I have two laptops, both on the same wifi network, one with linux and one with
openbsd.
I also string a cable between their ethernet ports for maximum speed which I
bring up manually at each and because I'm too lazy to automate it, that's
10.100.200.2/24 on linux and 10.200.200.1/24 on openbsd.
With the other side working fine (I'd detached my openbsd laptop to take it out
and reattached it later) I attempted to bring up the ethernet but got the
commands wrong, and this ensued:
drogo# pkill -f re0
drogo# ifconfig re0 10.100.200.1/24 # oops forgot up
drogo# ping 10.100.200.2
PING 10.100.200.2 (10.100.200.2): 56 data bytes
ping: sendmsg: Host is down
ping: wrote 10.100.200.2 64 chars, ret=-1
^C
Then:
drogo# ifconfig re0 up
drogo# ping 10.100.200.2
PING 10.100.200.2 (10.100.200.2): 56 data bytes
ping: sendmsg: Host is down
Forgot the IP I gave it? In that case:
drogo# ifconfig re0 10.100.200.1/24
drogo# ping 10.100.200.2
PING 10.100.200.2 (10.100.200.2): 56 data bytes
^C ## No 'Host is down' but maybe I was impatient.

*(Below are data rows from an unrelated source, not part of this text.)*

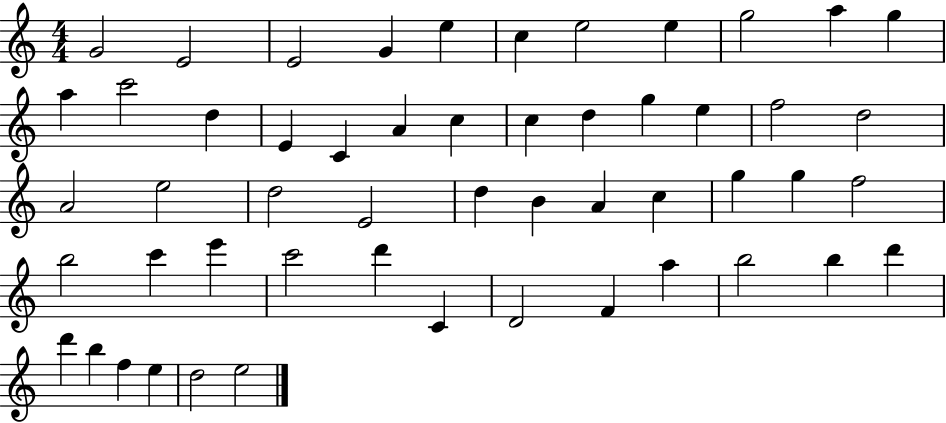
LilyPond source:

{
  \clef treble
  \numericTimeSignature
  \time 4/4
  \key c \major
  g'2 e'2 | e'2 g'4 e''4 | c''4 e''2 e''4 | g''2 a''4 g''4 | \break a''4 c'''2 d''4 | e'4 c'4 a'4 c''4 | c''4 d''4 g''4 e''4 | f''2 d''2 | \break a'2 e''2 | d''2 e'2 | d''4 b'4 a'4 c''4 | g''4 g''4 f''2 | \break b''2 c'''4 e'''4 | c'''2 d'''4 c'4 | d'2 f'4 a''4 | b''2 b''4 d'''4 | \break d'''4 b''4 f''4 e''4 | d''2 e''2 | \bar "|."
}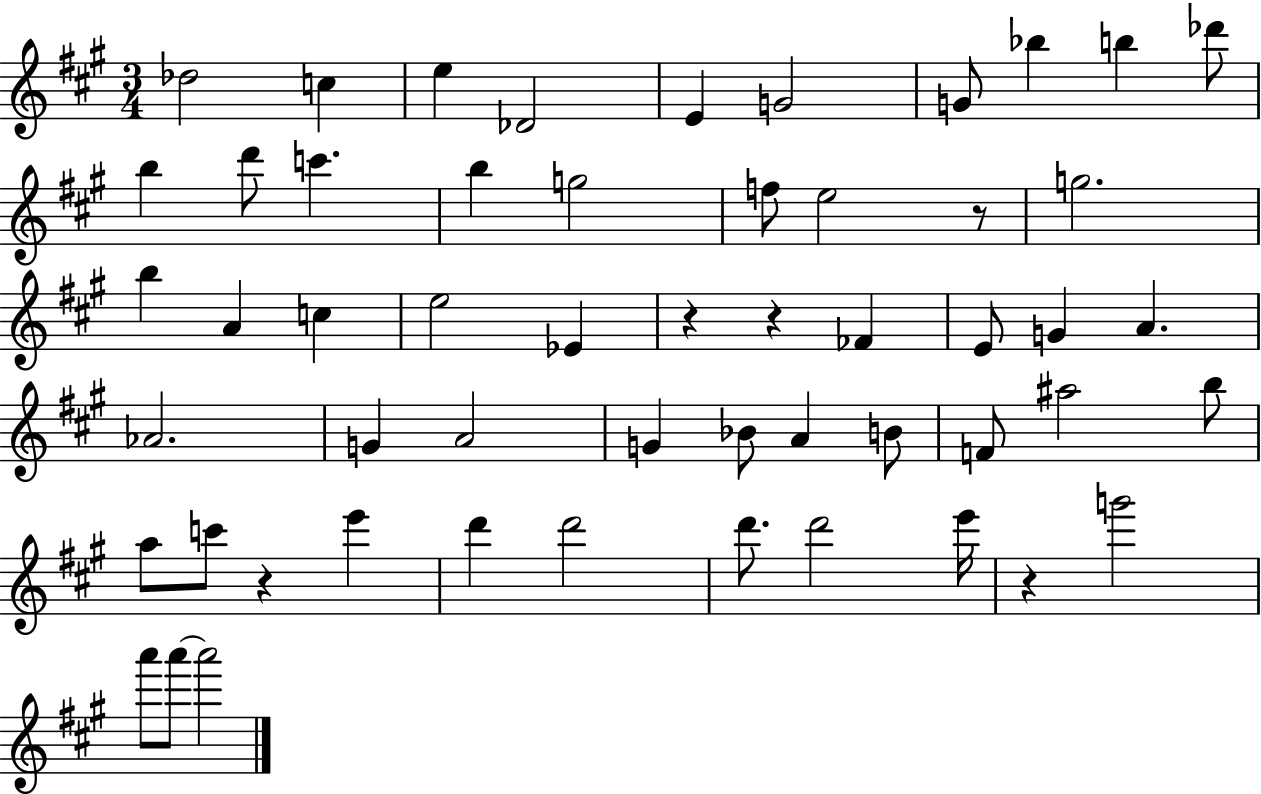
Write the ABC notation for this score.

X:1
T:Untitled
M:3/4
L:1/4
K:A
_d2 c e _D2 E G2 G/2 _b b _d'/2 b d'/2 c' b g2 f/2 e2 z/2 g2 b A c e2 _E z z _F E/2 G A _A2 G A2 G _B/2 A B/2 F/2 ^a2 b/2 a/2 c'/2 z e' d' d'2 d'/2 d'2 e'/4 z g'2 a'/2 a'/2 a'2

Then even putting them together all in one as I should have originally
(ifconfig re0 up 10.100.200.1/24) had the same "Host down" result so I tried to
put it back to normal:
drogo# ifconfig re0 down
drogo# ifconfig re0 up 10.100.200.1/24
drogo# ping 10.100.200.2
PING 10.100.200.2 (10.100.200.2): 56 data bytes
^C
--- 10.100.200.2 ping statistics ---
2 packets transmitted, 0 packets received, 100.0% packet loss
Finally to just get it to work I reset the whole stack and did it the way I
should have originally:
drogo# sh /etc/netstart
re0: no lease.......... sleeping
rum0: bound to 192.168.1.23 from 192.168.1.1 (84:be:52:c8:b8:52)
drogo# pkill -f re0
drogo# ifconfig re0 up 10.100.200.1/24
drogo# ping 10.100.200.2
PING 10.100.200.2 (10.100.200.2): 56 data bytes
64 bytes from 10.100.200.2: icmp_seq=0 ttl=64 time=0.767 ms
So everything's fine in the end but why did my mismatched commands above not
work although it seems like the result, ultimately, should be the same?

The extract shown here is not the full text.